Beyond Greenwashing: The challenges of demonstrating sustainability in 2023
As we celebrate our landmark 10 year anniversary, we are taking this opportunity to pause and reflect. Over the course of the year, we will be sharing ten lessons we've learned since our inception, as designers, makers, social entrepreneurs and educators.
Our second lesson centres around a subject which has always been at the heart of our mission: sustainability, and how we’ve navigated the challenges of demonstrating our commitment to the planet in an era of increasing greenwashing.

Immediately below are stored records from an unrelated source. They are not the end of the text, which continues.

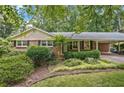 Inviting brick home with black shutters and mature landscaping exudes classic charm and curb appeal at 3327 Spring Meadow Ct, Tucker, GA 30084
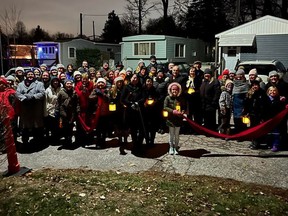 Roughly 50 members of the Christmas Ribbon sang holiday carols in seven locations across Sarnia on Dec. 19.Handout/Sarnia This Week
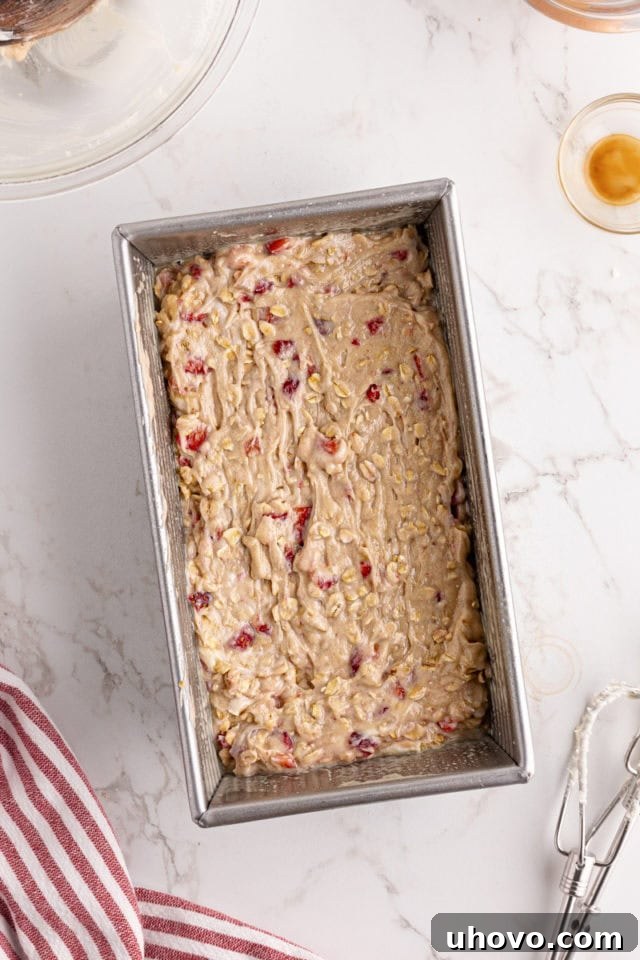 Overhead view of the swirled strawberry cream cheese bread batter evenly spread in a prepared loaf pan, ready for baking.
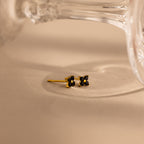 A pair of small gold stud earrings with black flower-like settings, photographed on a warm beige surface with a blurred clear glass object in the background.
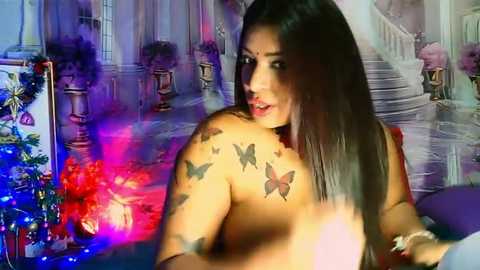 Media: Video of a topless woman with long, straight dark hair, adorned with butterfly tattoos, standing in a grand, decorative room with a floral centerpiece.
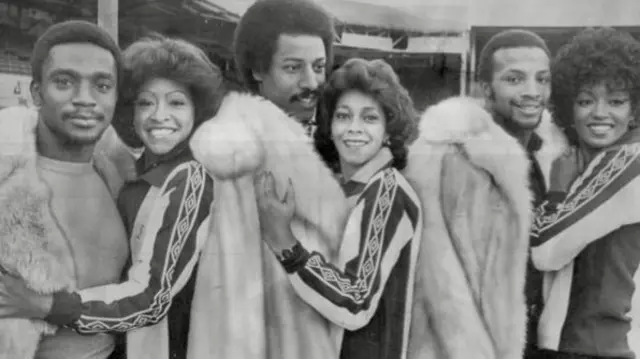 Laurie Cunningham, Brendan Batson and Cyrille Regis with the three degrees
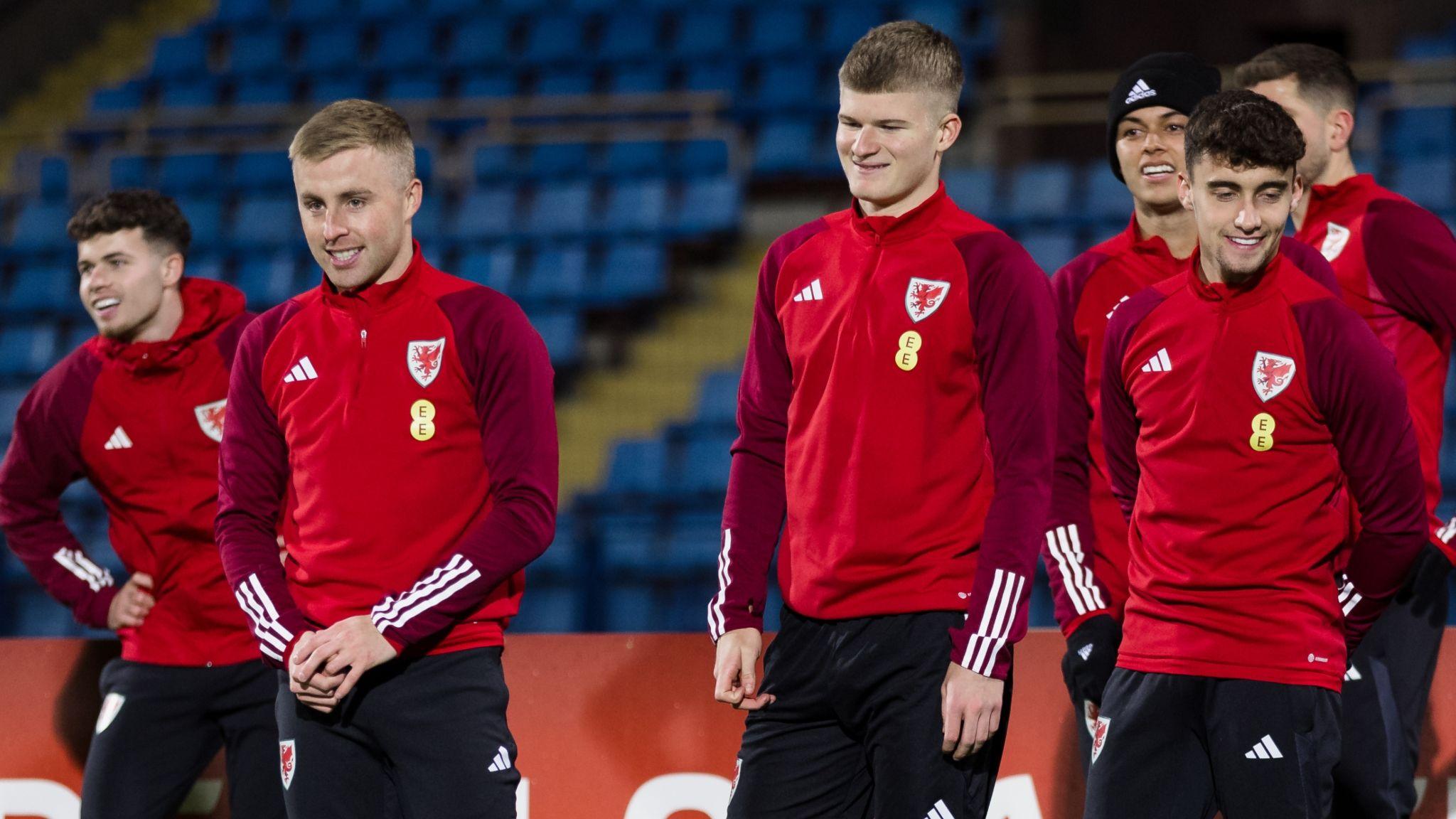 Joe Morrell (second left) and Wales colleagues smile during training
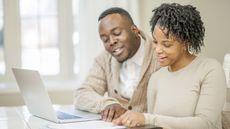 A couple look happy as they look over financial paperwork at the kitchen table.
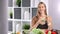 Beautiful dieting woman smiling posing with healthy cocktail with mint and lemon in kitchen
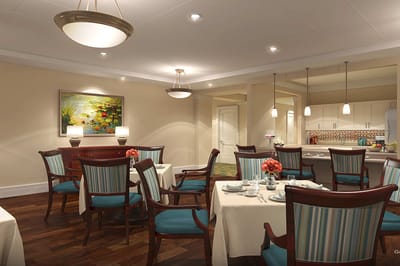 Well-lit dining area with tables and chairs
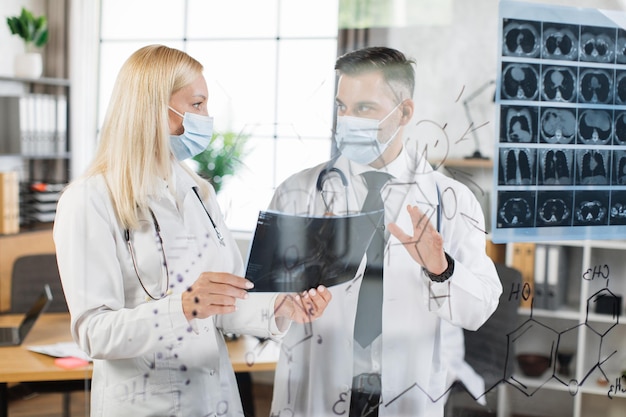 Médicos con máscaras faciales analizando la exploración de rayos x en el hospital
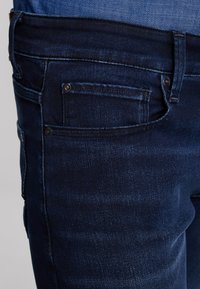 Tumši zili džinsi tuvu skatījumā, rādot priekšējo kabatu ar monētu kabatu un redzamām kniedēm un šuvju detaļām.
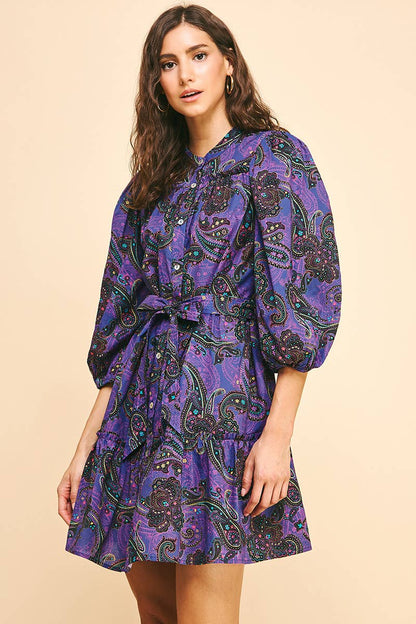 Woman wearing a purple paisley dress on a beige background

When Goldfinger launched in 2013, concepts like the “circular economy”, and even “sustainability”, were almost unheard of. Yet our founders, Marie and Oliver, had a clear vision to create furniture that was both environmentally and socially responsible. We were one of the first furniture companies that took circularity and community involvement as the starting points for both our business model and approach to design.
Ten years later, we are now well and truly living through the sustainability revolution. Businesses have become more aware of their impact on the environment, and consumers are eager to make informed choices that reflect their values.

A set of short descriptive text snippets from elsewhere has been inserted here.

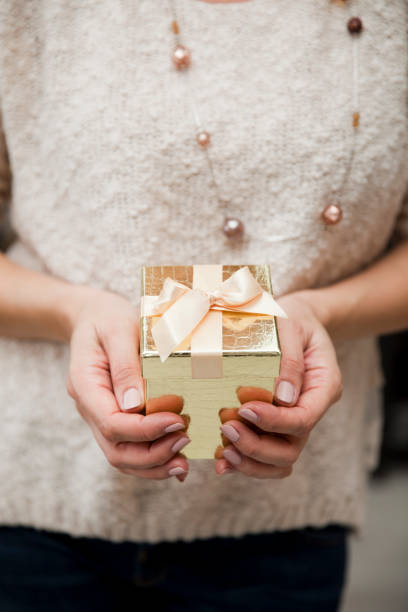istock Unrecognizable Woman Holding a Golden Gift Box 1071876642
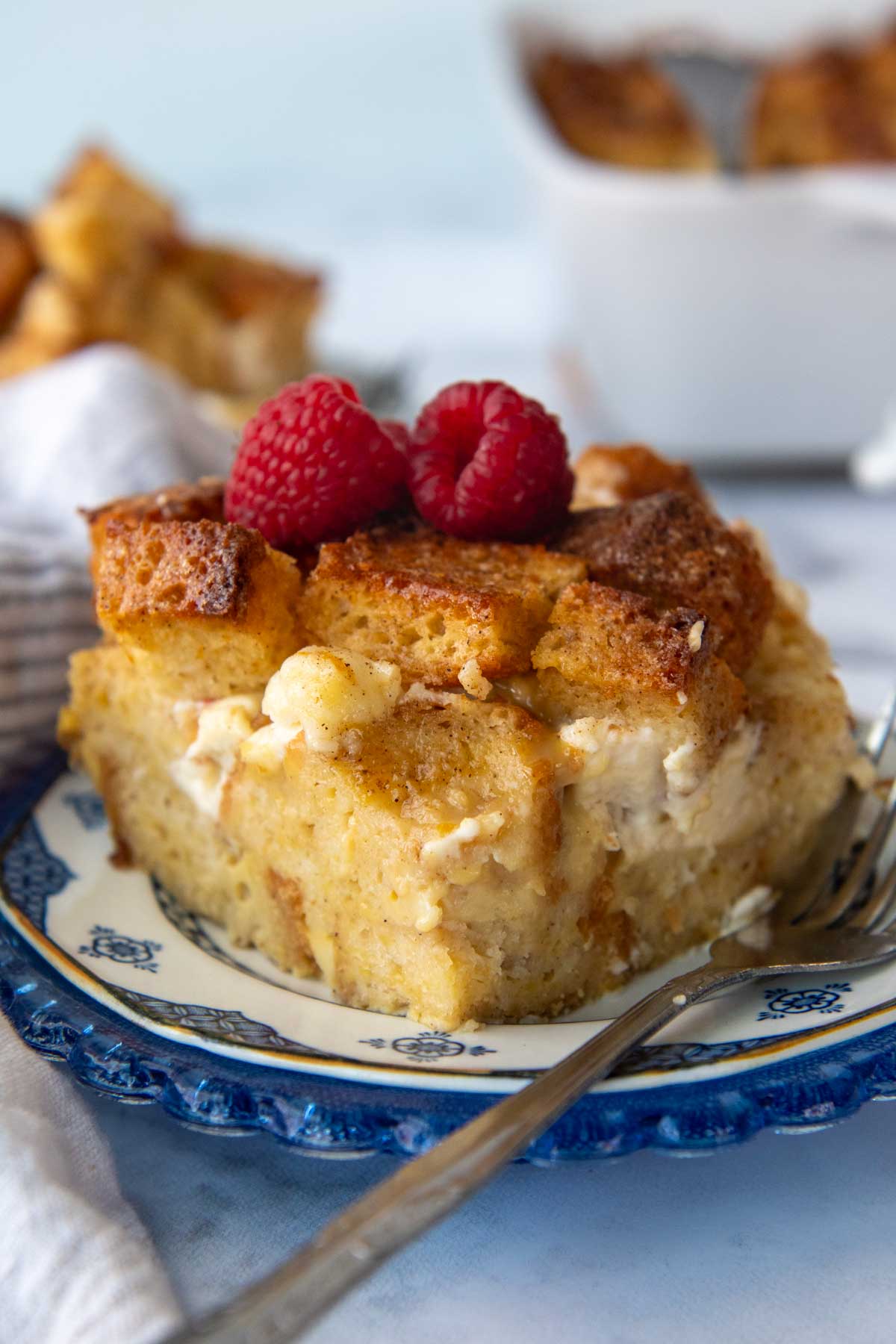 a slice of french toast bake on a blue plate with fresh berries on top.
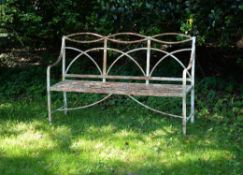 A Regency white painted cast iron garden bench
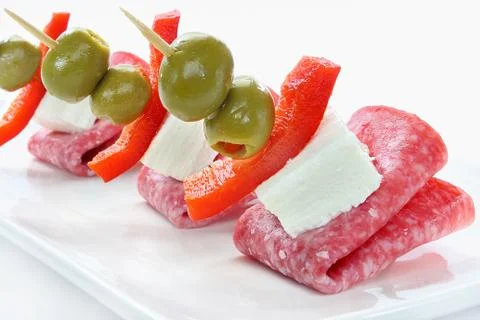 Appetizer with salami Stock Photos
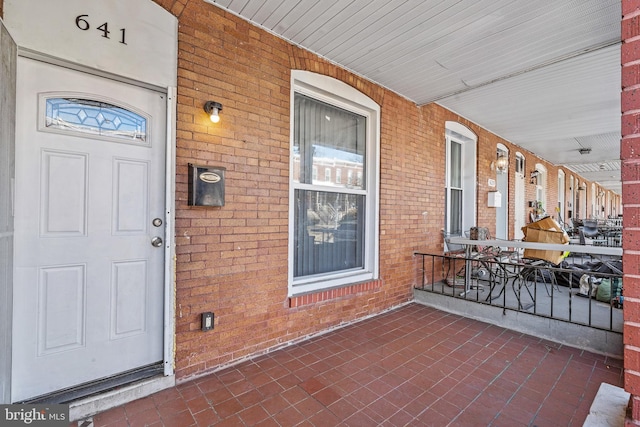 entrance to property with covered porch and brick siding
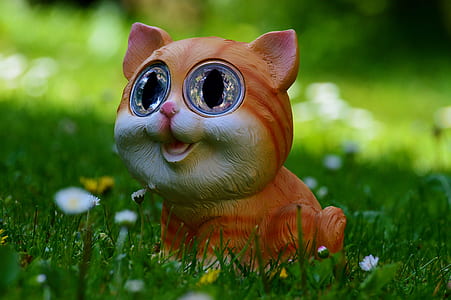 brown cat figurine thumbnail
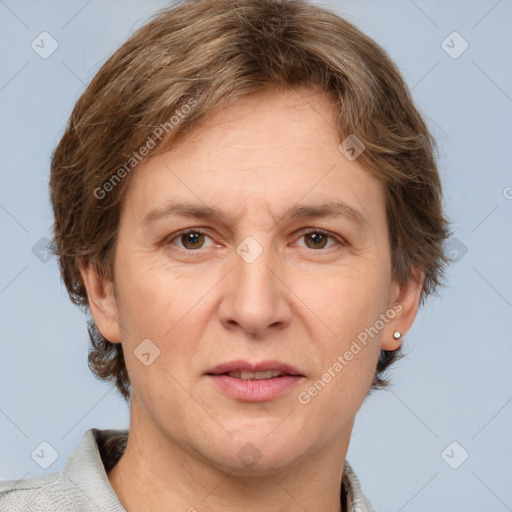 Joyful white adult female with short  brown hair and grey eyes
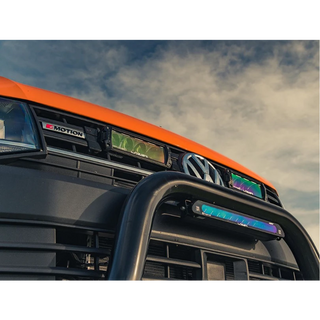Close-up of a vehicle's front grille with 'R-Motion' branding against a cloudy sky.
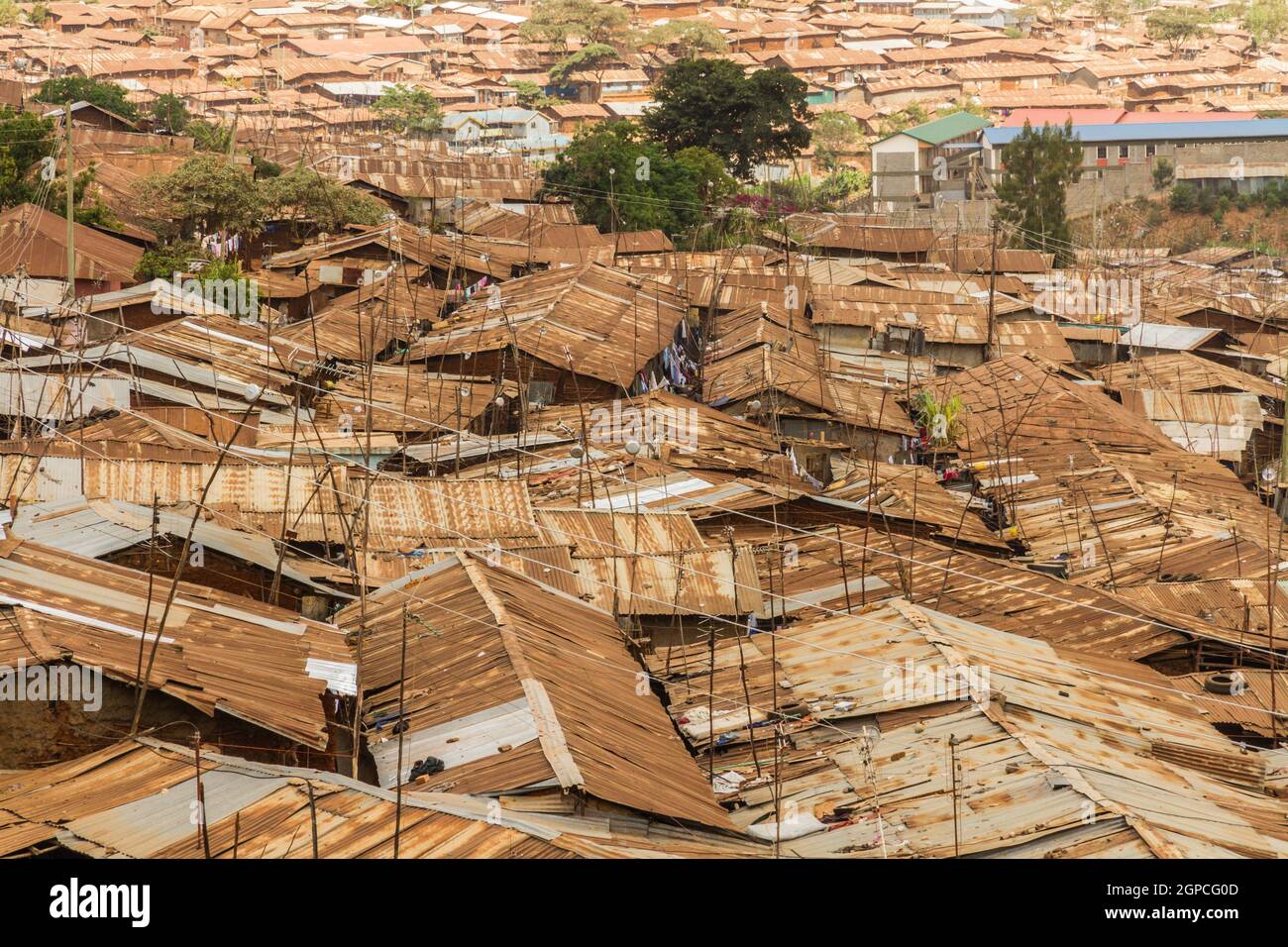 The brown and rusted roof tops of many buildings in the Kibera slum of Nairobi, Kenya. Stock Photo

However, as sustainability entered the mainstream, we also began to witness an increase in vague, misleading, or sometimes outright false sustainability claims made by companies eager to appeal to a changing market. This ‘greenwashing’, as it has become known, has made it difficult to know who to trust. And as a business, we’ve seen a need to demonstrate that we are truly doing our bit for the planet, to allow our customers to make educated and responsible choices.
The certification dilemma
A challenge we’ve battled with at Goldfinger is what we call “the certification dilemma”. There are an estimated 450 sustainability certifications and labels in the UK. With such a wealth of sustainability certifications out there, it can be difficult for consumers to know which labels matter. And while we understand that clearer guidelines and regulations are important, many of these certifications require an immense amount of time, money and resources for companies to demonstrate transparency and accountability. For small businesses like us, certification isn’t always possible.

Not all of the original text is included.